• Task prompt:
Without changing a word, repeat the data, and include no pictures.

• Source records:

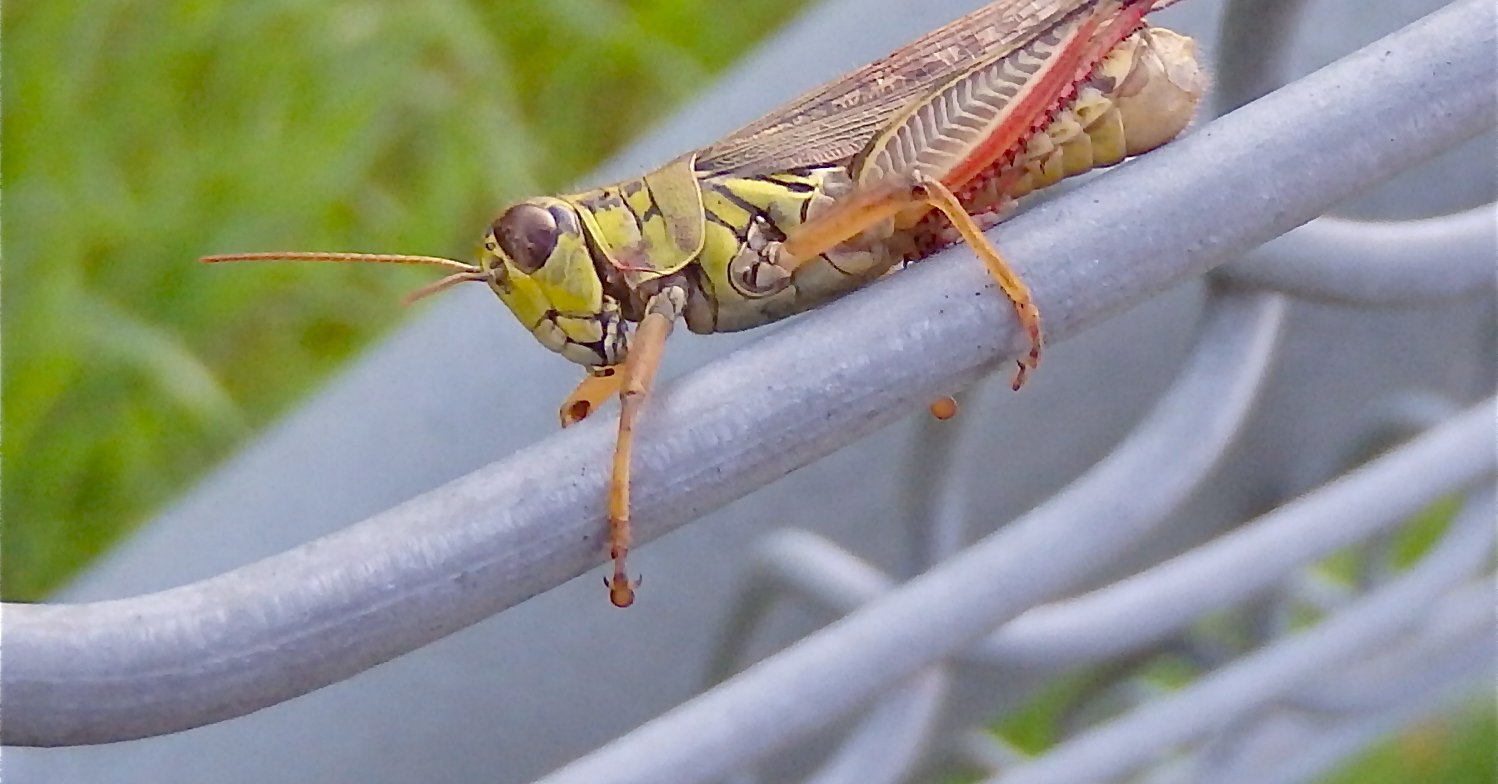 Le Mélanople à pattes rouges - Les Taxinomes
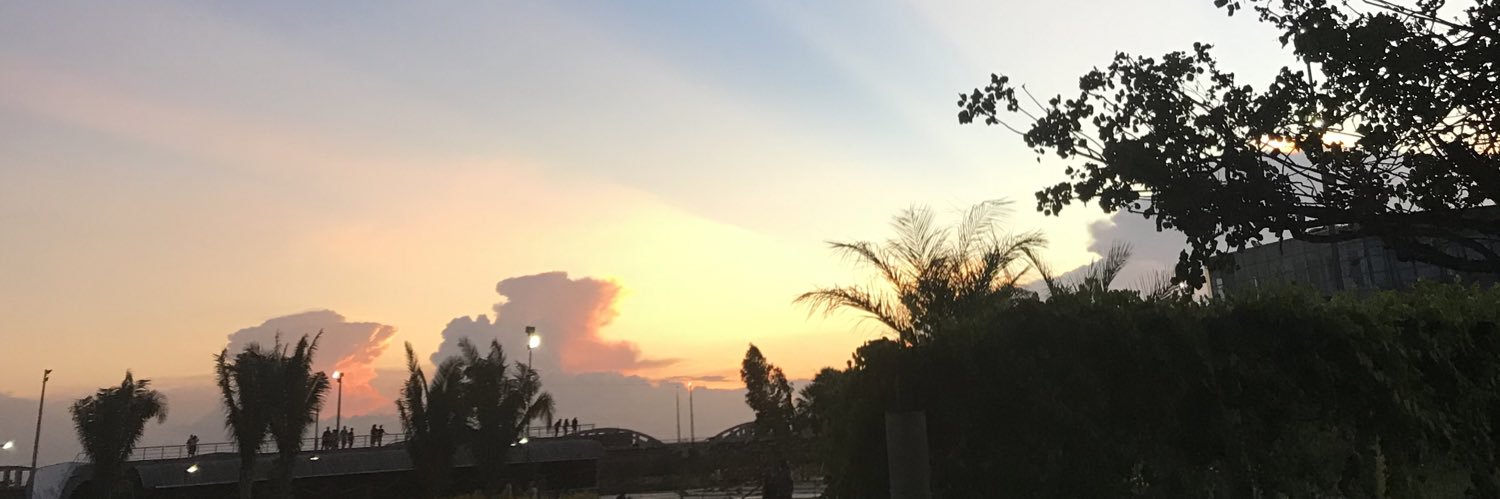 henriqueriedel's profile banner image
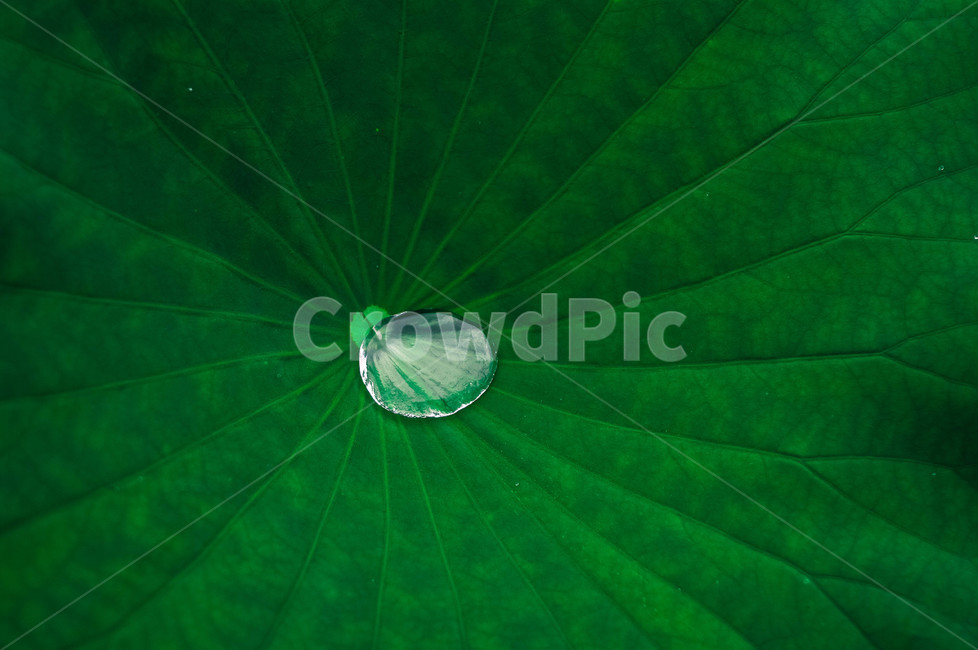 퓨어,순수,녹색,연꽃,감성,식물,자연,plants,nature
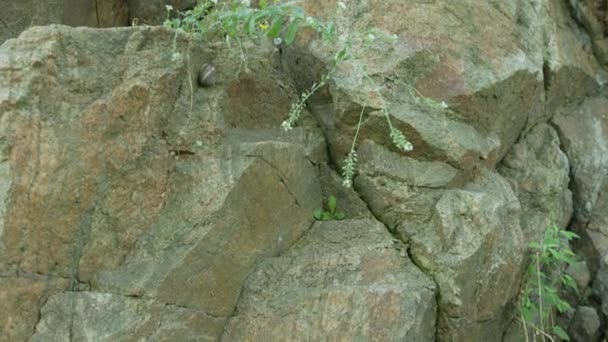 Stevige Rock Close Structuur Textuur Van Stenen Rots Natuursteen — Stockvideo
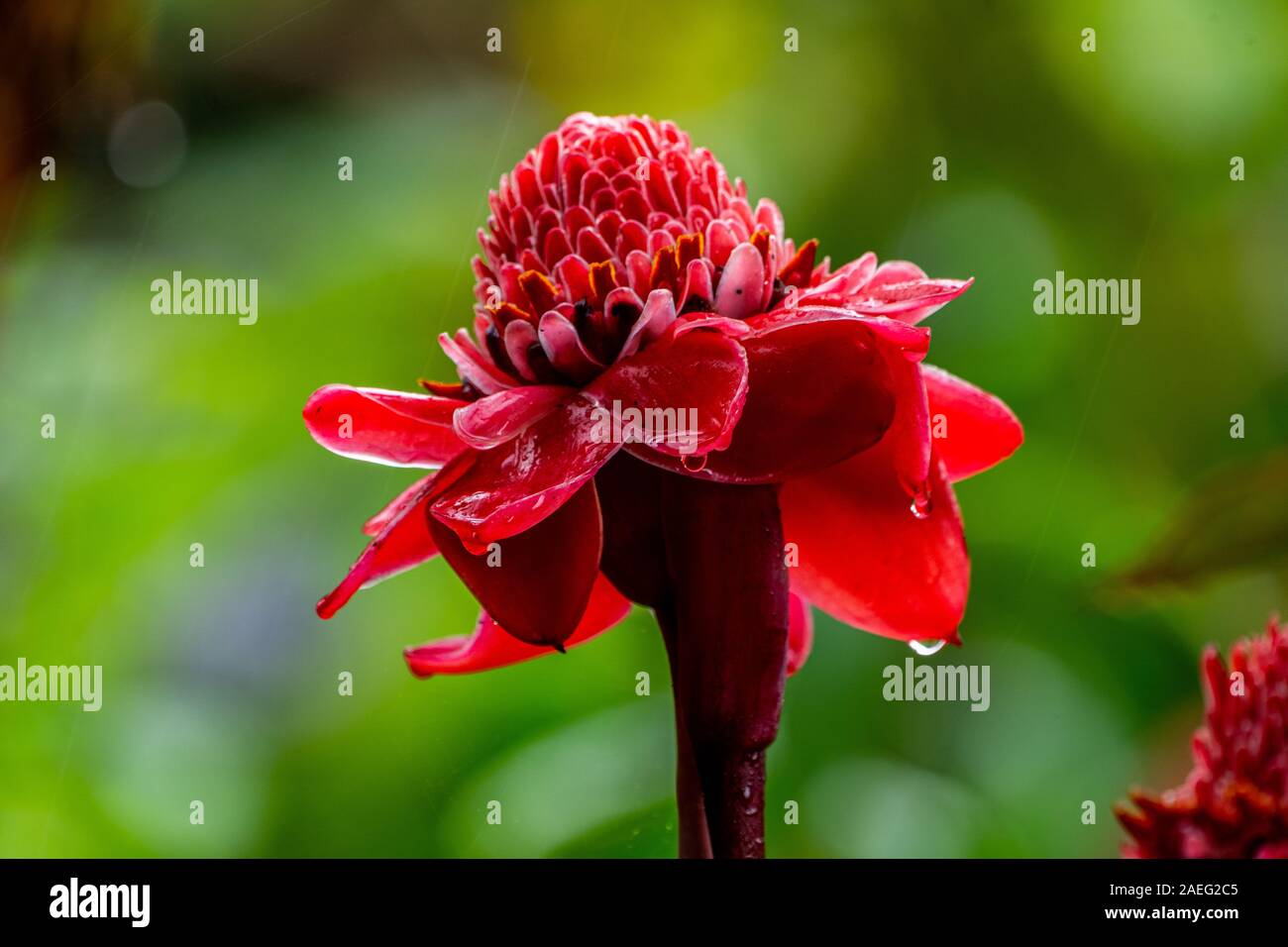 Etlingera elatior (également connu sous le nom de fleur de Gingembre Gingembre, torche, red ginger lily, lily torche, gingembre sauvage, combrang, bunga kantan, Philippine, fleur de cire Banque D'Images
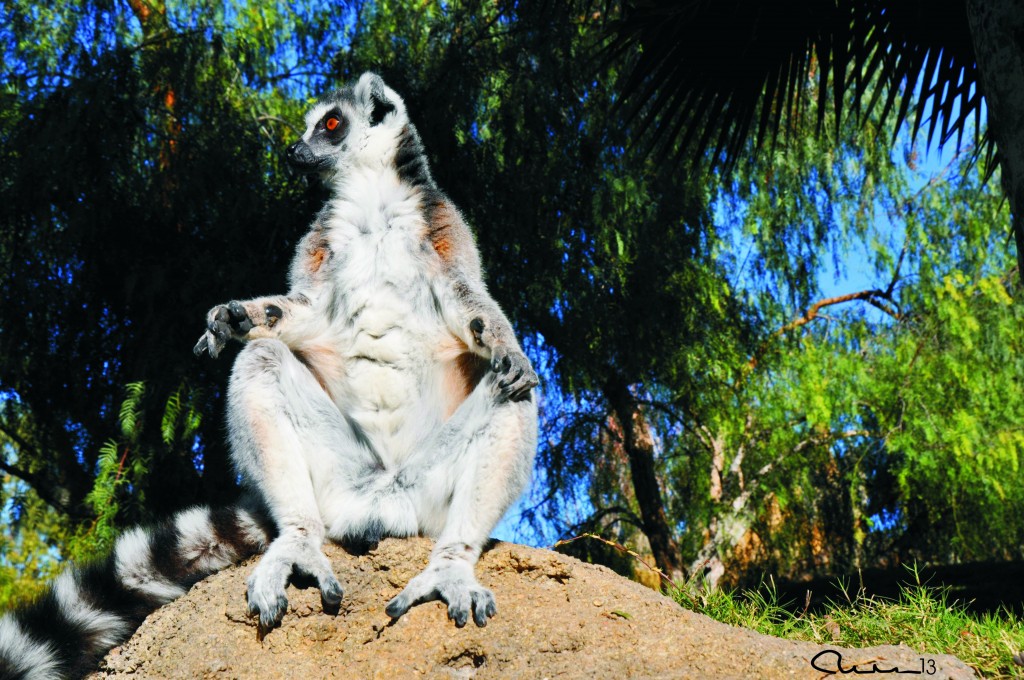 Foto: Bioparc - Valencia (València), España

• Response:
 Le Mélanople à pattes rouges - Les Taxinomes
 henriqueriedel's profile banner image
 퓨어,순수,녹색,연꽃,감성,식물,자연,plants,nature
 Stevige Rock Close Structuur Textuur Van Stenen Rots Natuursteen — Stockvideo
 Etlingera elatior (également connu sous le nom de fleur de Gingembre Gingembre, torche, red ginger lily, lily torche, gingembre sauvage, combrang, bunga kantan, Philippine, fleur de cire Banque D'Images
 Foto: Bioparc - Valencia (València), España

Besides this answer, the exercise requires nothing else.